No News Is Good News ...

Life has been pretty status quo lately, which I always enjoy, so haven't written much ... 

Training has been going pretty well besides the lack of biking. Running 3-4 times a week, swimming twice a week and getting 2-3 strength sessions in each week as well. Need to get 3 in for sure to see the changes I am looking for. The bike will happen ... The trainer tire is off, so that's a step in the right direction. :-)

The big events for the upcoming week are first, my baby, turns 13 on Tuesday!!! Can't believe I will have a second teenager in the house!!!  Second, Jack has his first official job training meeting!  He is really is excited to be a part of the Kona Ice Krew and can't wait for summer!  Third, Sparky has her conference track meet.  Love to watch her run and enjoy watching her with the serious "in the zone" face while she is competing. Fourth, we hit the cabin!!!!  Looking forward to a long weekend at the Stoned Loon Lodge with boating, bonfires, good food and time with our lake friends. 

In he past few weeks, I have had a bit of a breakthrough, making time to meditate each day and seeing the results with better sleep, a more positive attitude and just feeling happier in general. I've been making sure to take care of me and writing what I am grateful for at the end of each day, so that is a plus. Just need to tweak the diet a bit more ... Have to continually make the effort to prep for the week ahead and not wing it. 

Today was a success on the Food planning front with grocery shopping done (date with the hubcap at Woody's), meals planned, my favorite Vega One shakes on deck and workouts scheduled and planned in the calendar ... I am ready!!!  

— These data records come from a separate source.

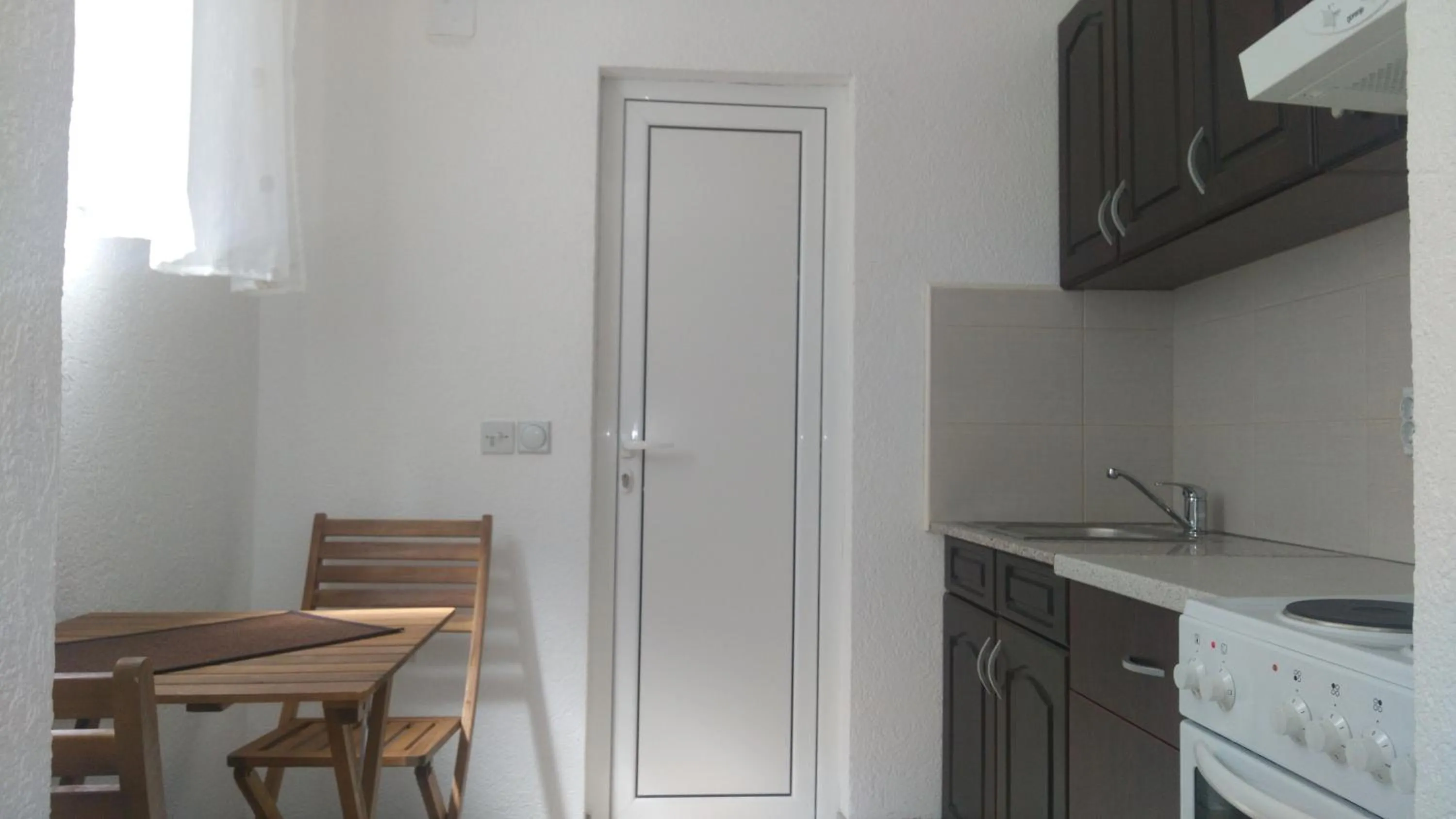 Dining area in Apartments Lora
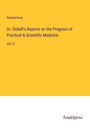 Anonymous: Dr. Dobell's Reports on the Progress of Practical & Scientific Medicine, Buch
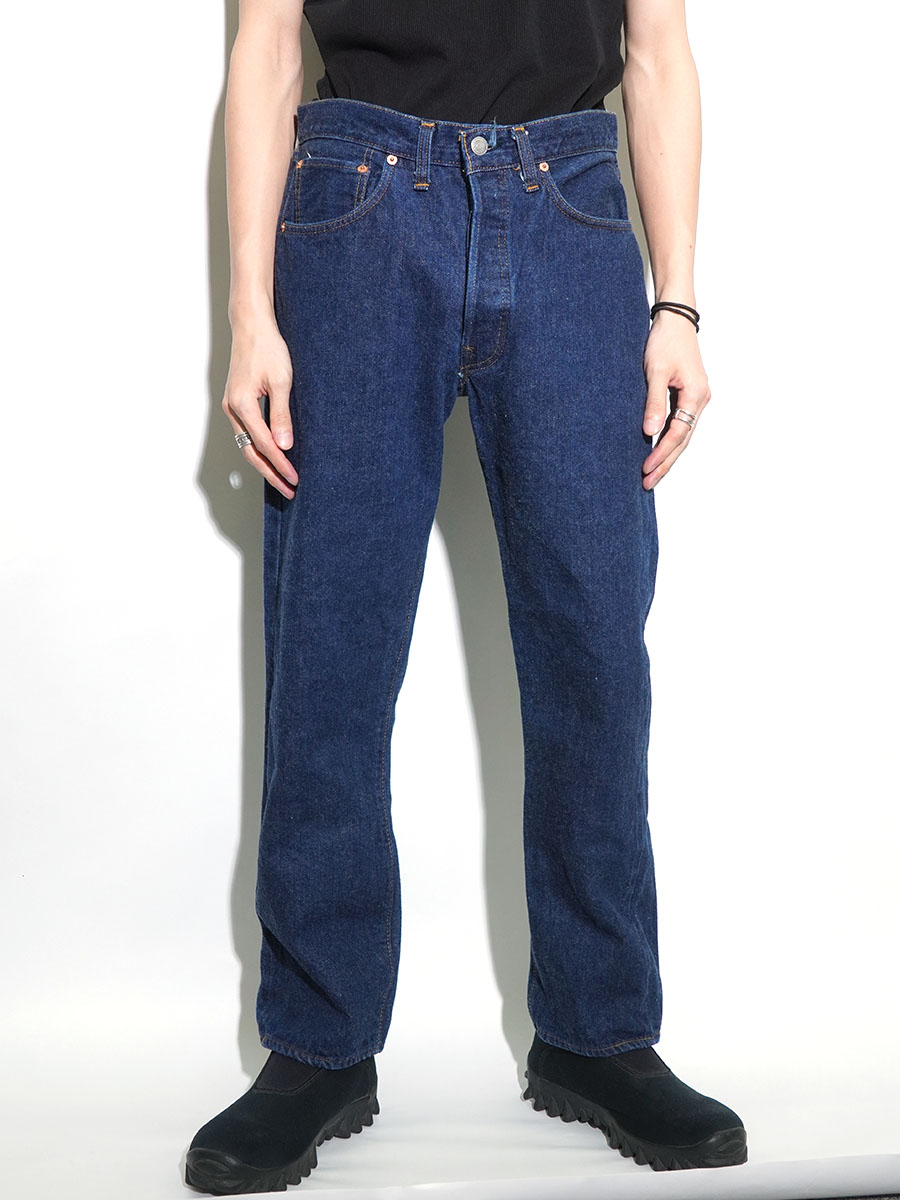 70'S LEVI'S 501 66 SINGLE STITCH (SIZE.W33 L32) | NEW ITEM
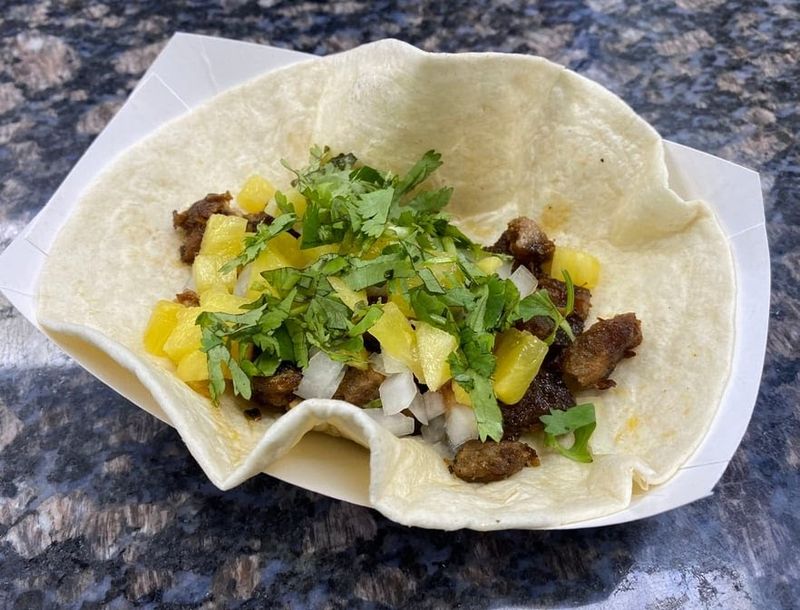 Give The Tortilla Its Due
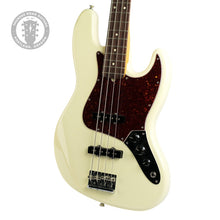 Load image into Gallery viewer, 2021 Fender American Professional II Jazz Bass Olympic White #US210001564 (PDX)
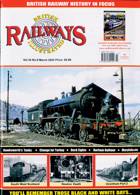 British Railways Illustrated Magazine Issue MAR 25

Hope you all had a fantastic week and enjoy your week ahead. May you be grateful for something everyday and take time to smile. Always remember, life is short, love it, live it and be kind to one another. Be back next week! 







Sunday, May 3, 2015

Mistake ...

So here is a funny ... I apparently am not prediabetic. Did a blood test that checked my glucose levels for the last 10 weeks ... Not prediabetic ... WHOO HOO me!  Couldn't really explain that except maybe the first wasn't truly a fasting glucose test. I was so excited to get that news!!!  I am still on a great path and am really happy with the direction my fitness is going. 

Overall, these past two weeks have been  good. I am really enjoying my job as a whole and the extra bonus of having the time to get my workouts in, get things taken care of around the house, spend time with friends and to be able to be a hands-on parent makes me smile, plus I am able to talk with interesting people all day. 

In the past couple of weeks, I have been able to attend two INCREDIBLE events. I went with a friend to a THRIVE Connections luncheon where a friend of mine, Christi was the keynote speaker. First, I have to say that she did an incredible job and can tell that she LOVES what she does. She was authentic, funny, honest and very inspiring. There were so many things she said that resonated with me that it would take too long to write them all out. Brilliant and I am so happy that I attended. 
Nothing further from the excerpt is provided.